Only the lines below from the one containing "HP RO04 EXTERNAL BATTERY thumbnail" through the one containing "Ginamiller20" belong in the answer, set down exactly, with the pictures left out.

• [Source material]
.....

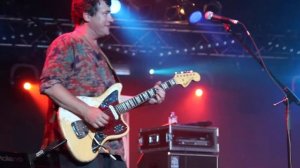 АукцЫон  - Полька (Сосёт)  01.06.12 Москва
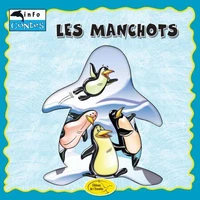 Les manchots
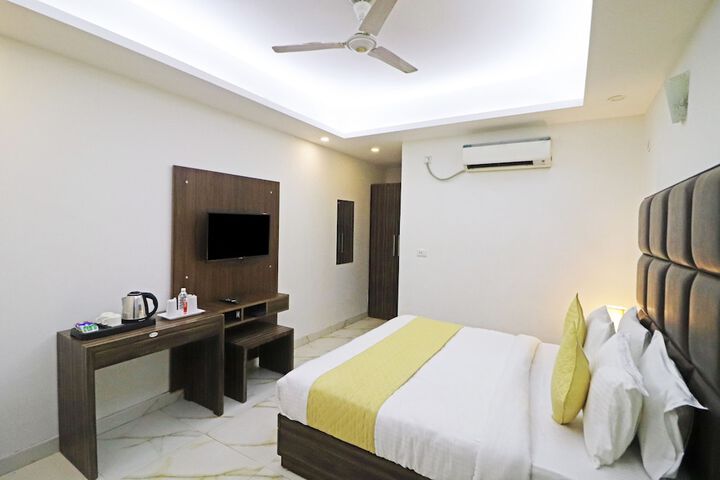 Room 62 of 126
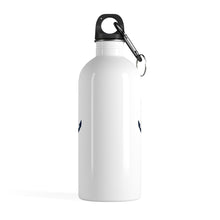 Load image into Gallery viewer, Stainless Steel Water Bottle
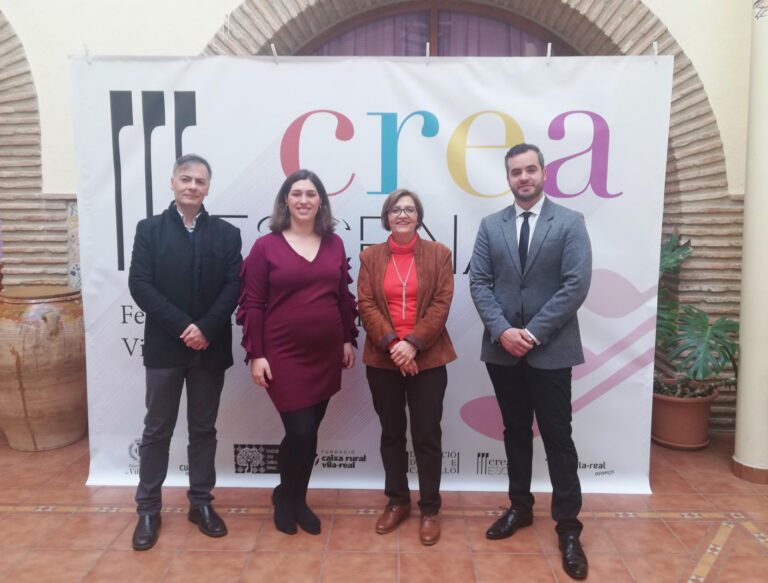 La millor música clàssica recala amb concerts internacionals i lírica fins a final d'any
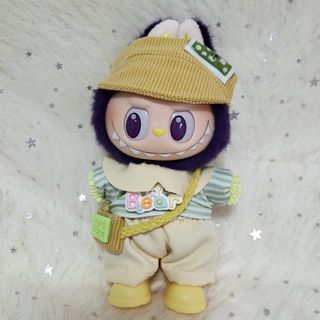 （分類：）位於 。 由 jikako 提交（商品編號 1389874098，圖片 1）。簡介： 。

.....

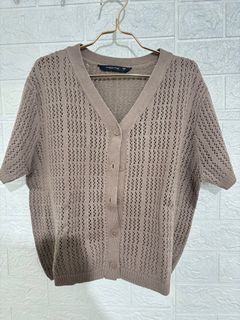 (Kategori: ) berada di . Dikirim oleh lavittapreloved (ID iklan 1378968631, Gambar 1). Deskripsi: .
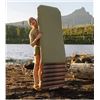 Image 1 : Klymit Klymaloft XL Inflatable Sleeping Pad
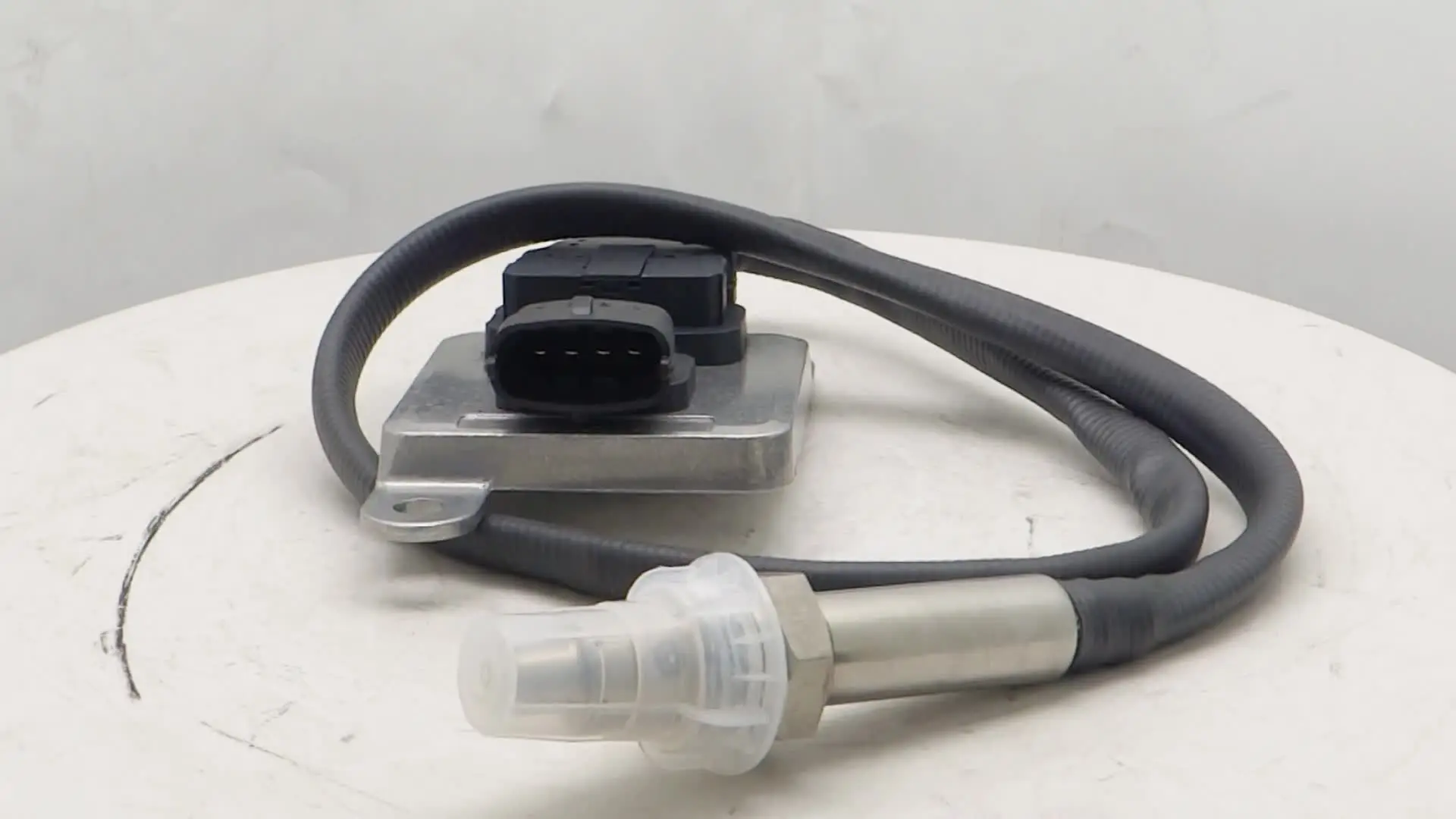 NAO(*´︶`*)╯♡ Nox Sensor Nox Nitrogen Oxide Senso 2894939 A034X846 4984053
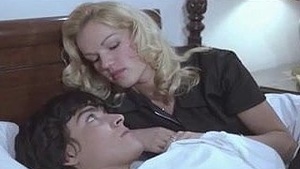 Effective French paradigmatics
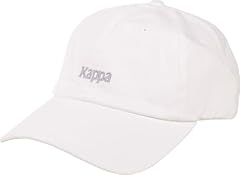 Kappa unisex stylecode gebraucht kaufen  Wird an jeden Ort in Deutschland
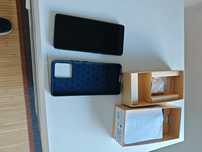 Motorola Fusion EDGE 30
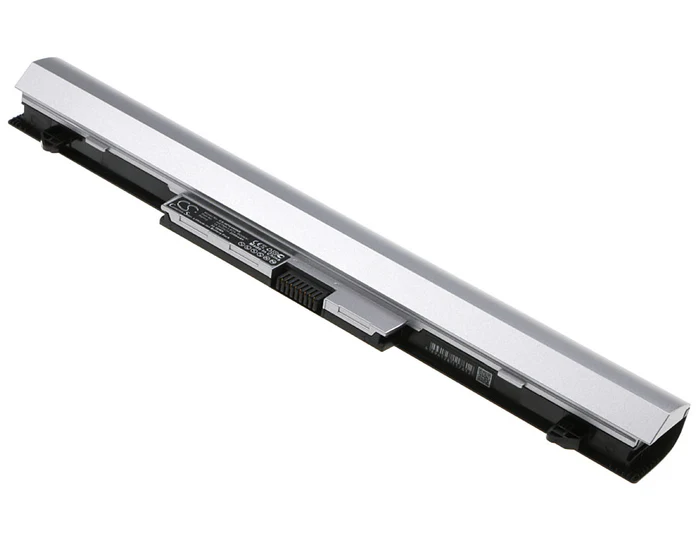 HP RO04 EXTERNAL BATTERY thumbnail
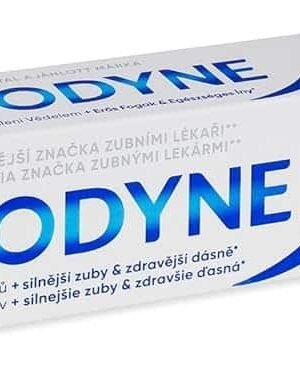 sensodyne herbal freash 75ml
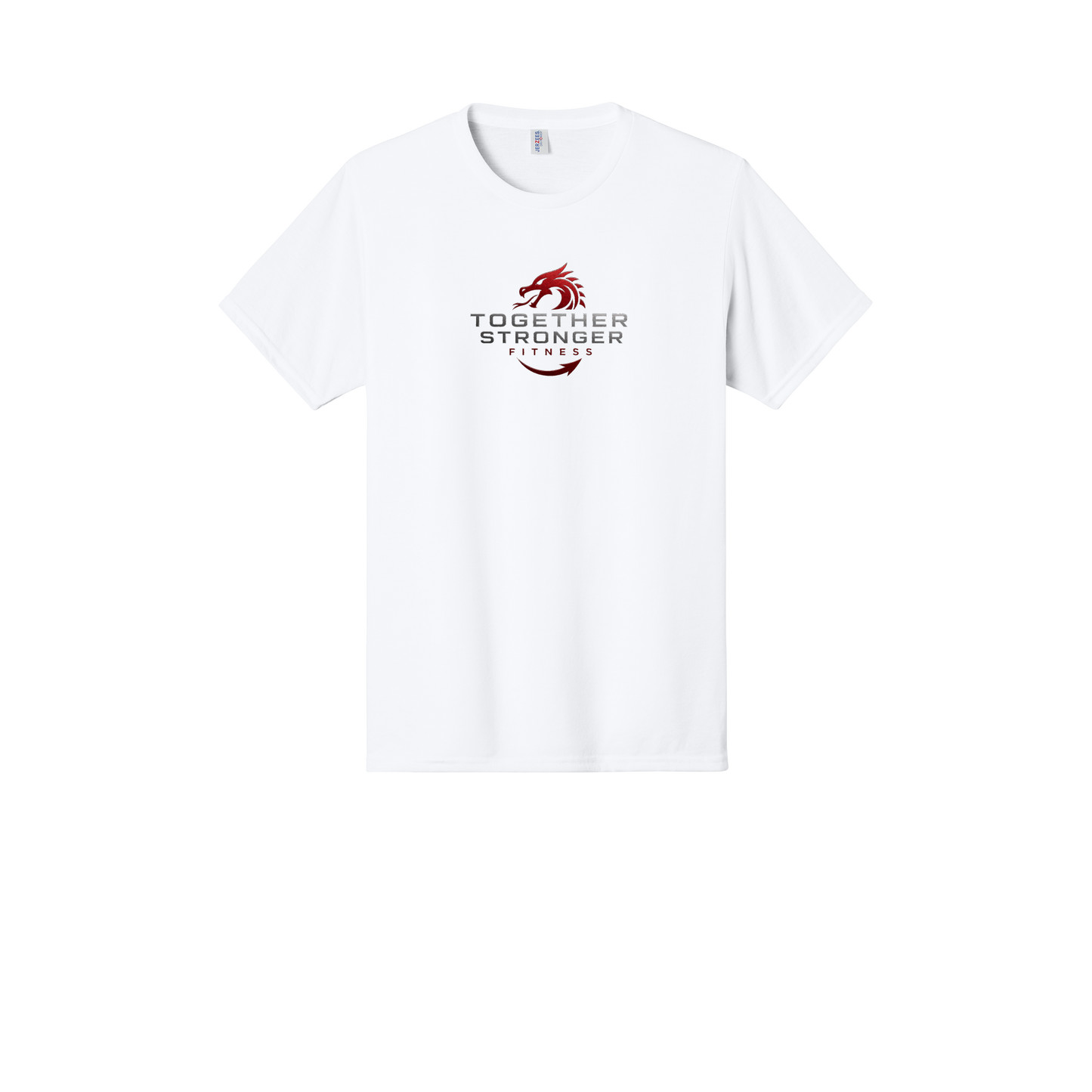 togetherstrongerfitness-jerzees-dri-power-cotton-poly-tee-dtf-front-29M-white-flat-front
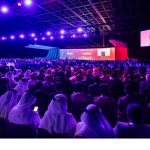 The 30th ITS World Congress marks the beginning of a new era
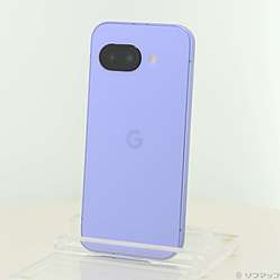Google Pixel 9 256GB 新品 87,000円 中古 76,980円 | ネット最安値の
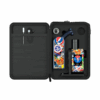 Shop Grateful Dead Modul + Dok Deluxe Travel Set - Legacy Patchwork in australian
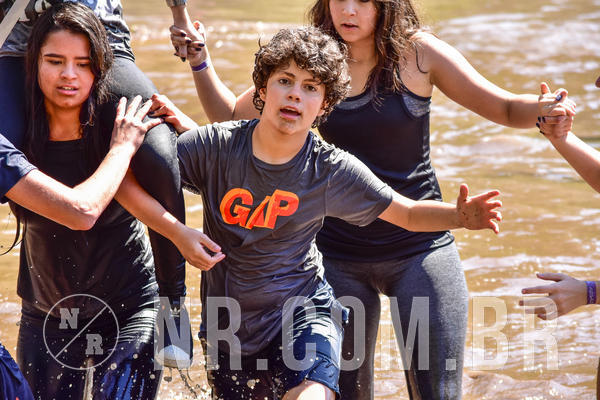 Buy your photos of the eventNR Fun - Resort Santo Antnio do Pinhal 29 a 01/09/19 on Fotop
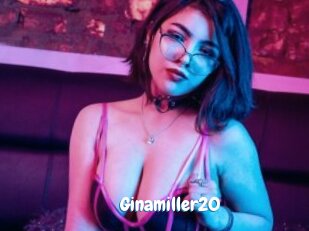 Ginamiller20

.....

• [Output]
 HP RO04 EXTERNAL BATTERY thumbnail
 sensodyne herbal freash 75ml
 togetherstrongerfitness-jerzees-dri-power-cotton-poly-tee-dtf-front-29M-white-flat-front
 The 30th ITS World Congress marks the beginning of a new era
Google Pixel 9 256GB 新品 87,000円 中古 76,980円 | ネット最安値の
 Shop Grateful Dead Modul + Dok Deluxe Travel Set - Legacy Patchwork in australian
 Buy your photos of the eventNR Fun - Resort Santo Antnio do Pinhal 29 a 01/09/19 on Fotop
 Ginamiller20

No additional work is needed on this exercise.